Here are some news for all people on a Working Holiday Visa in Australia. The Australian government announced some important changes regarding the backpacker tax that they tried to implement for more than a year now. The Government also intend to implement some more changes that will have a positive impact for all people going to Australia on a Working Holiday Visa. Read on to find more about it…

Update 12/10/2016 : the government is currently reviewing the proposed law and should provide its decision regarding the changes on 7 November 2016. We will update you once a decision has been made. 

Backpackers to be taxed at 19% from their first dollar earned

In 2015, the latest Australian Government Federal Budget announced that from 1st July 2016, working holiday makers will be taxed at 32.5% from their first dollar earned in Australia. The aim was to remove the backpacker tax-free threshold of $18,200 in place at the time. Increasingly dismayed farmers, tourism operators and regional communities said a 32.5% tax on backpacker labour would greatly harm the industry at harvest time as backpackers make up 25 per cent of the farm workforce each year. After a long debate and backbench and industry pressure, the Federal Government has dumped the budget plan to impose a 32.5% tax on backpacker workers and  will cut the backpacker tax to 19% for the first 37.000 AUD earned. When earning more than 37.000 AUD per financial year, backpackers will then be taxed 32,5%. It is a significant backdown for the Government. Treasurer Scott Morrison announced the deal after it was signed off by Cabinet on 27 September 2016.

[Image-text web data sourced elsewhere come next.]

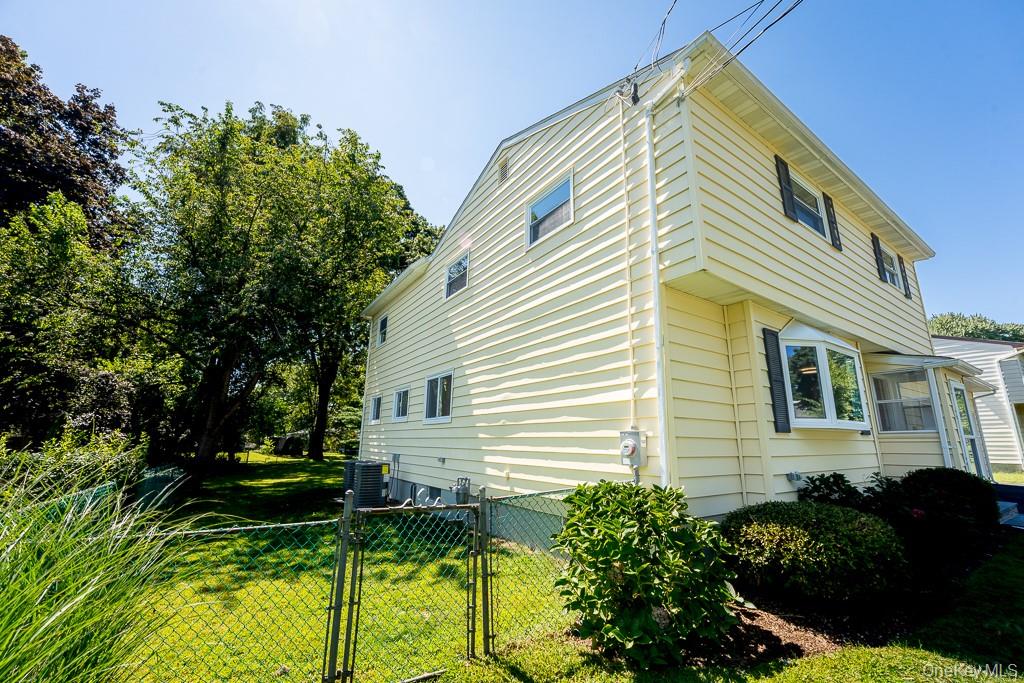 25 Robin Road, Poughkeepsie, NY 12601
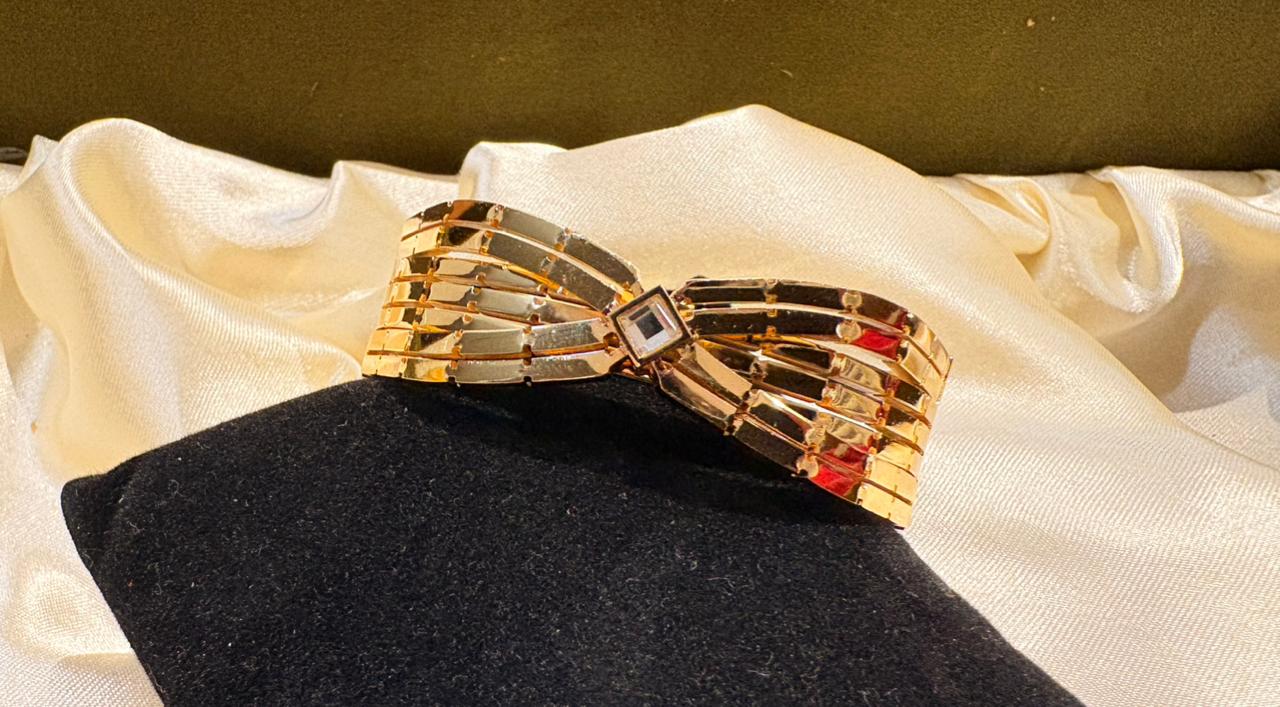 Polished ribbon bracelet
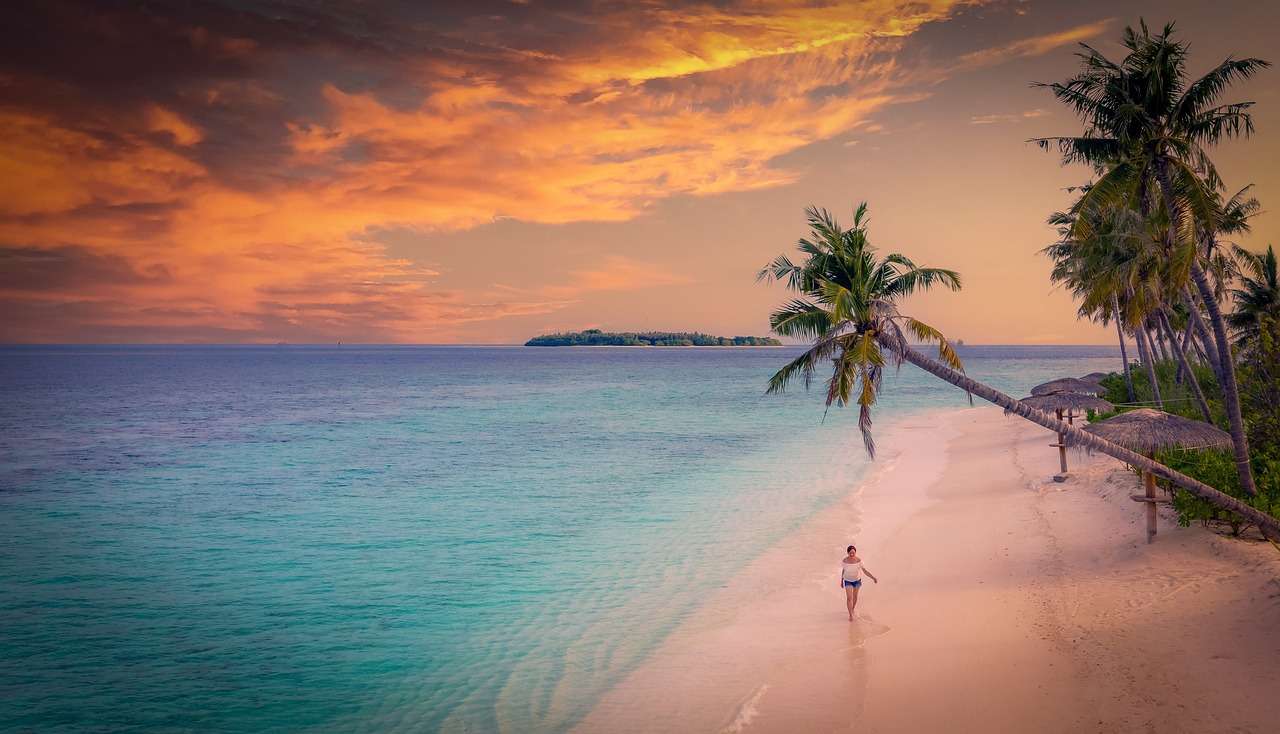 Zachód słońca na plaży na Malediwach puzzle online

This new law will be applied from the 1st of January 2017.

Backpacker tax rates

Have a look at the following comparison to understand how much backpackers get taxed at the moment and how tax changes will affect backpackers in the future:

Current tax rate:

0 – 18.200 AUD: 0% (residents) – 32.5% (non-residents)
18.201 to 37.000 AUD: 19% (residents) – 32.5% (non-residents)
37.001 to 80.000 AUD: 3.572 AUD + 32.5% for every $ earned above 37,000 AUD (residents) – 32.5% (non-residents)
80.001 to 180.000 AUD: 17.547 AUD + 37% for every $ earned above 80,000 AUD (residents) – 32.5% (non-residents)

Tax rates for backpackers from 1st of January 2017 :

0 to 18.200 AUD: 19%
18.201 to 37.000 AUD: 19%
37.001 to 80.000 AUD: 3.572 AUD + 32.5% for every $ earned above 37,000 AUD
80.001 to 180.000 AUD: 17.547 AUD + 37% for every $ earned above 80,000 AUD

.

Other significant changes for backpackers

Visa application fees

The government also tries to attract backpackers coming to Australia by reducing the visa application fees by 50 AUD. Instead of 440 AUD it would be 390 AUD to apply for a X-Working Holiday Visa (417)..

Superannuation

To fund the loss of backpacker taxes, the government will keep 95% of the superannuation (retirement contribution paid by your employer) when leaving Australia – At the moment it is taxed at 38%.

Age restrictions for Working Holiday Visa

On top of that the Government announced an increase of the age restriction for people applying for a Working Holiday Visa to 35 (instead of 30 at the moment). This information still has to be confirmed. Read more about it on The Guardian – It is also also important to note here that even if the government intend to increase the age limit to apply for a WHV, it will take some time to implement it because all participating countries have to agree and amendments signed.

Work for one employer for 12 months

People on a Working Holiday Visa may also have the opportunity to work for the same employer for up to 12 months. But they still have to change the location. So if your employer has two branches in two different states you would be able to work for him for 12 months.

Departure tax

Also note that the departure tax for passengers leaving Australia will increase from 55 AUD to 60 AUD.

.

Please note that the terms of the new law and its implementations still have to be confirmed! We will provide you with more information as soon as there’s more official news.